Buckaroo's Flightgear Projects : A Nasal-Based Electrical System for Flightgear

Why did I write a nasal replacement for the built-in Flightgear system? The default Flightgear electrical system was created by Curt Olson, written in C, and hard-coded into Flightgear. Curt later abandoned development in favor of a new nasal-based system that more deeply models electrical details, including system loads. Syd Adams later embellished this system and used it in many of his aircraft models. These are excellent efforts, but they are difficult to port and customize for other aircraft models. Also, they have features that are beyond what I typically need or care about.

My interest is providing the ability to work through normal procedures and checklists. I'm not interested in modeling emergency procedures or component failures. While these are real possibilities, they are by design rare, and modeling them correctly is beyond my time and ability. Curt's original idea was a simpler scheme that concerned itself only with voltage propagation. The basic strategy is sufficient for most things I wanted to do, but in experimenting with it I found it has a few bugs, and since it's hard-coded into Flightgear, it doesn't give the ability to customize certain handlers. I decided to depart from it, and try developing the same idea independently in nasal. This way I can build exactly what I want, shake out the bugs, and make it extensible for the future. A nasal solution is less efficient than a built-in C solution, so I've tried to keep the system lightweight while maintaining useful functionality.

There are several significant differences between my system and the built-in Flightgear system. The built-in system defines suppliers, buses, components and connectors; my system has only components and connectors. A supplier is a component sub-type, and a bus is just a basic output component used in a bus context. My system offers advantages in switching and output handling. With a little thought, it's fairly easy to convert a configuration file for the default system over to my system.

The system works by first constructing a set of nasal data structures from your configuration data. These lists let the system access many data elements without going to the property tree, and make for fast look-ups.

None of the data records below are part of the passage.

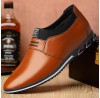 Men Microfiber Leather Pointed Toes Slip On Business Casual Shoes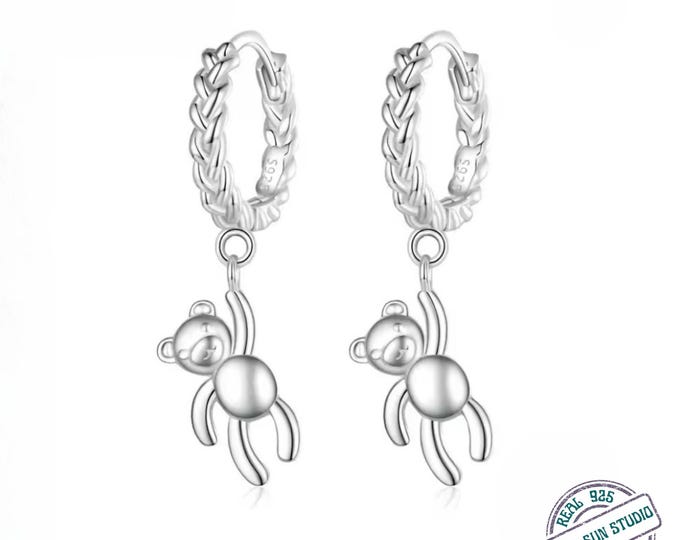 Featured listing image: 925 Sterling Silver Teddy Bear Drop Earrings – Cute Kawaii Bear Earrings, Dainty Silver Dangle Earrings, Love Gift for Her, Minimal Jewelry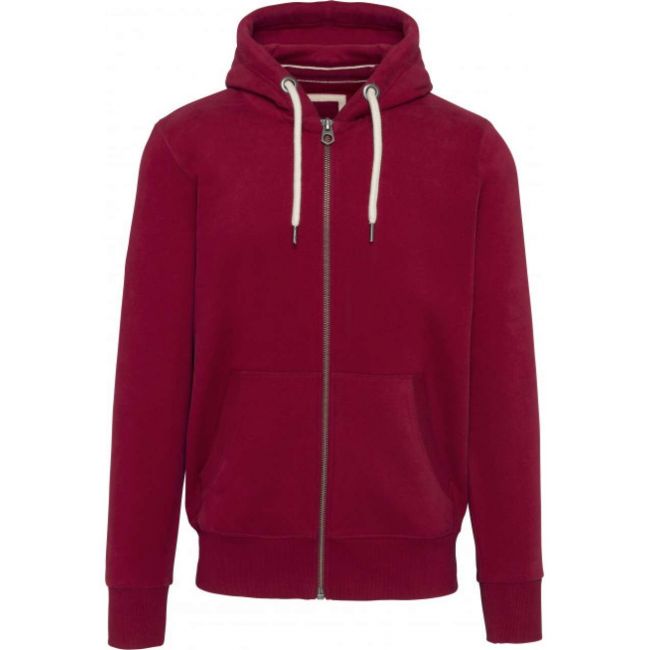 Men’s vintage zipped hooded sweatshirt culoare vintage dark red marimea s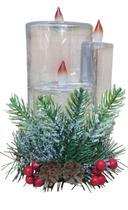 Trio de Velas Decorativas com Glitter 11x14x20cm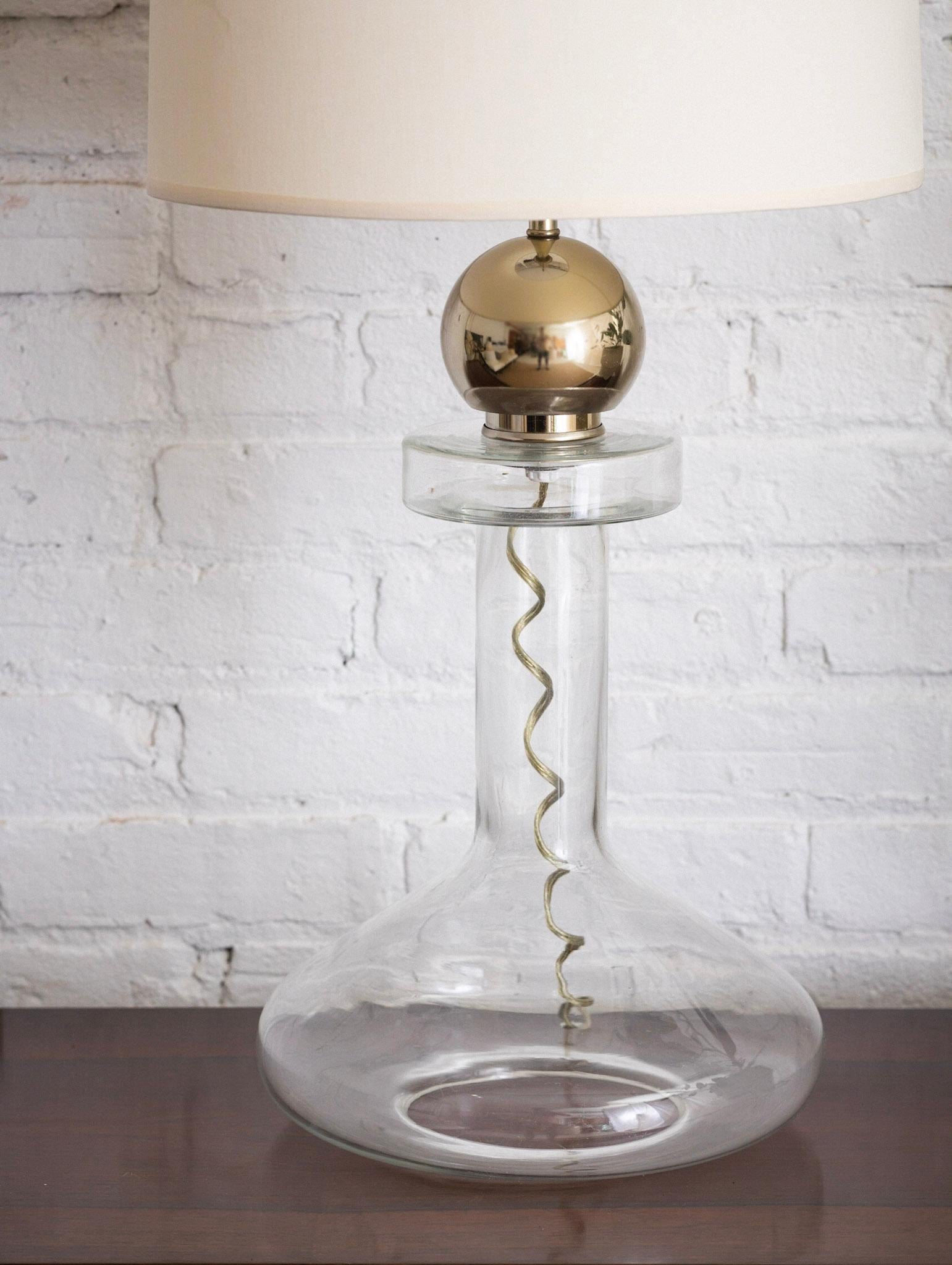 Industrial Flask Form Glass Lamp with Cord Detail For Sale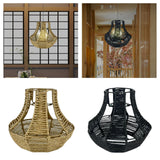 Maxbell Retro Woven Pendant Lamp Shade Hanging Lampshade Rope Rattan  Yellow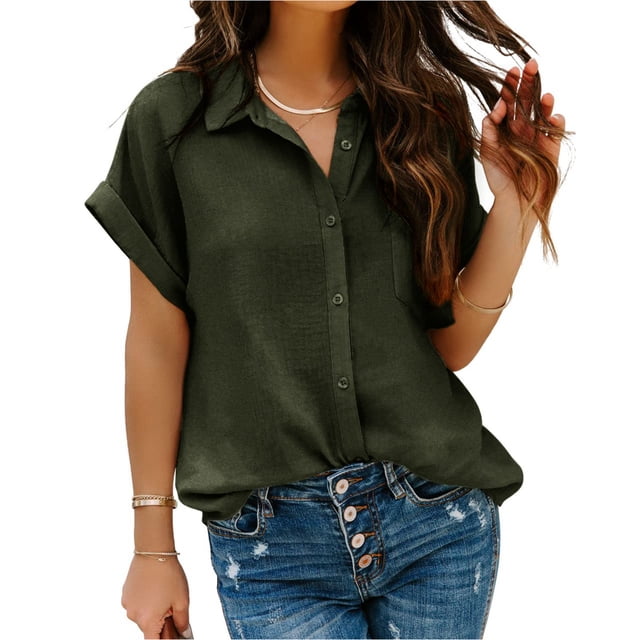 Camisa verde oliva de manga corta, holgada, de botonadura sencilla, cuello vuelto, diseño de color puro, talla M para mujer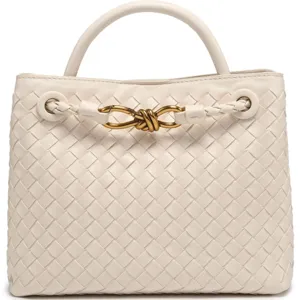 Women Large Capacity Retro PU Leather Woven Tote Bag Fashion Casual Commuter Top Handle Shoulder Bag Stylish Female Handbag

After the initialization stage, the system updates voltages 3 times a second (unless you change the update frequency) by first updating the status of souce components, and then sequentially working through each connector. This is why order of connectors is important. Whenever possible, I try to bypass non-essential routines to reduce unnecessary processing.

I've used this system successfully on several small aircraft projects. It's very easy to set up and get going. I have not tried it with a large and complex aircraft like an airliner, but I plan on trying it with my MD-80 project. When I do so, I'll report on my progress.

I've been pleased to find several developers either trying or using this system in their efforts. I welcome feedback, and would be happy to take ideas for enhancements.